* EXERCISE DIRECTIONS *
Could the listing below be reproduced exactly, minus its pictures?

* SOURCE MATERIAL *
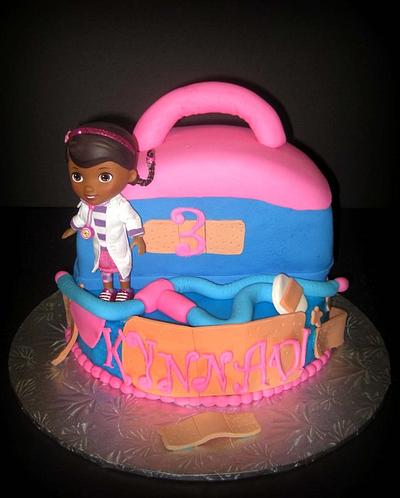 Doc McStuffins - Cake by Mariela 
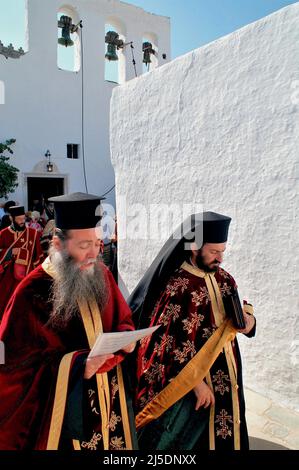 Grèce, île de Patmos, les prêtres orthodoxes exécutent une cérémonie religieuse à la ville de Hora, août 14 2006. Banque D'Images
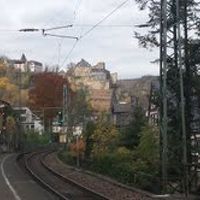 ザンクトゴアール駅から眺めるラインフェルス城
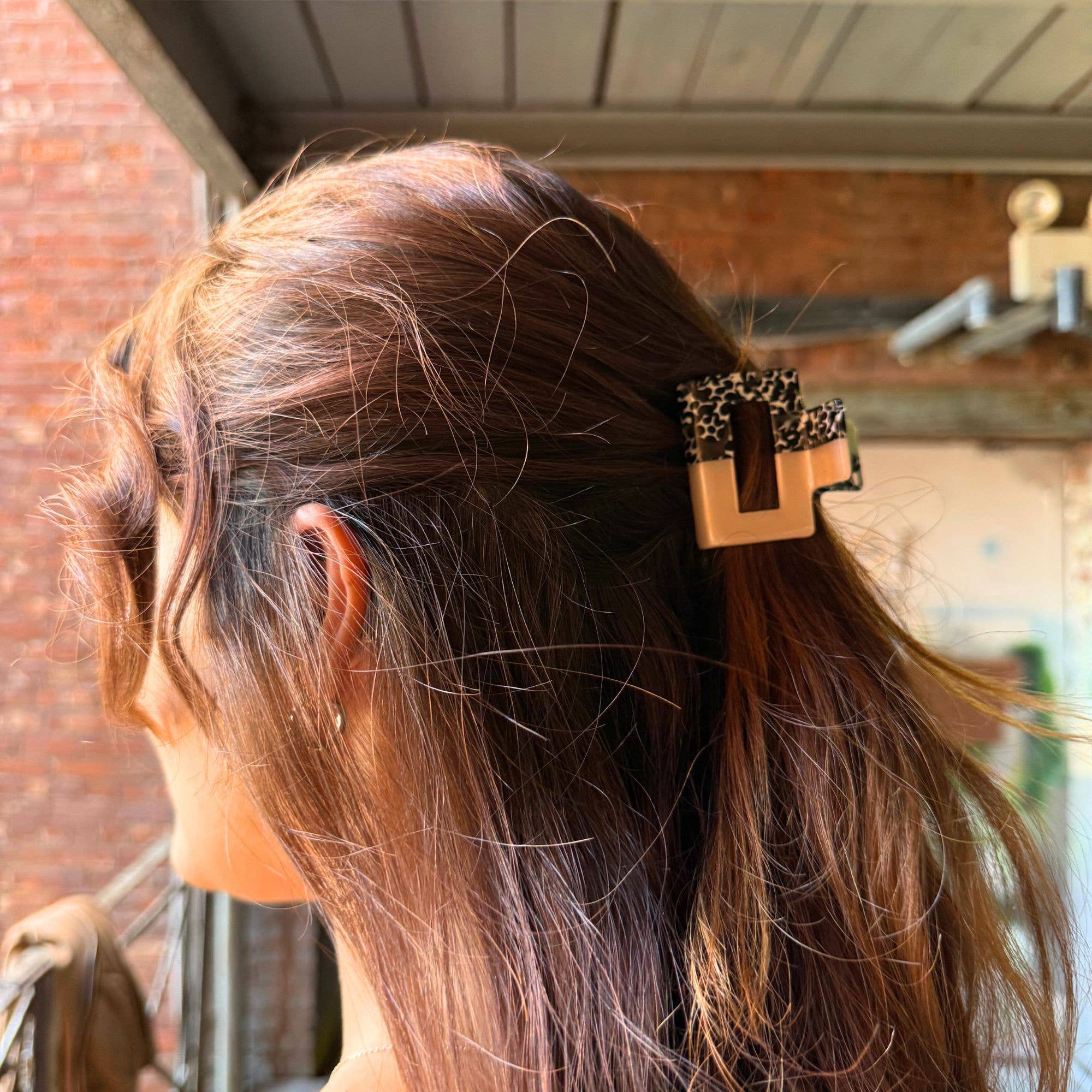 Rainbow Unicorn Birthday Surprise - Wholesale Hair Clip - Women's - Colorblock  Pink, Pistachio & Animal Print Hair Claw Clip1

* TASK RESULT *
 Doc McStuffins - Cake by Mariela 
 Grèce, île de Patmos, les prêtres orthodoxes exécutent une cérémonie religieuse à la ville de Hora, août 14 2006. Banque D'Images
 ザンクトゴアール駅から眺めるラインフェルス城
 Rainbow Unicorn Birthday Surprise - Wholesale Hair Clip - Women's - Colorblock  Pink, Pistachio & Animal Print Hair Claw Clip1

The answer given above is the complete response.